Failure Tolerant Training with Persistent Memory Disaggregation over CXL


The auto-flushing-persistently from GPU to PMEM without serializing the GPU memory makes it the greatest in snapshotting or swapping. When I was rewriting QuEST in ASC 21-22, we found that Tsinghua University Zhangcheng and NUDT is doing swapping memory back and forth to make it possible to emulate more QuBits. This arch will be a best fit for that.

Their story is a recommendation system that the embedding table could not fit in a single card and disaggregate the GPU memory illustration of the embedding table to other CXL2.0 devices.

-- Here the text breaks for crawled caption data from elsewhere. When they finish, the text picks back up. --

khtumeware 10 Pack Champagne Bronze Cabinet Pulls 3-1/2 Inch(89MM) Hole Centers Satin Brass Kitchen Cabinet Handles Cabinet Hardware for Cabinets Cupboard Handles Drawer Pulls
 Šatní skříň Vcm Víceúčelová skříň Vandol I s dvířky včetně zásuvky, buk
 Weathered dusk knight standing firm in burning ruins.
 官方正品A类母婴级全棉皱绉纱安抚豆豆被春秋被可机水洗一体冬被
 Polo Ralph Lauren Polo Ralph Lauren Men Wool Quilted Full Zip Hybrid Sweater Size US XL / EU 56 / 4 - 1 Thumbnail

So still taking the memory as an outer device but not integrating the fault tolerance into the protocol level to make sure the single node fault tolerance. Still, it's a pure hardware stack implemented software check-pointing idea. Way brute forcing and nontransferable to other workloads. The flag and MLP unique features augmented is the basic idea of write log we were researching on the persistent memory file systems.

Their emulation platform is ... I'm shocked... The GPU emulation is Vortex. They don't actually need both the GPU and CPU to support the CXL controller interface. They just want to make cacheline shared in the CXl pool between Intel Optane and GPU. However, I think this kind of emulation is not accurate enough for CPU internal cacheline mechanism.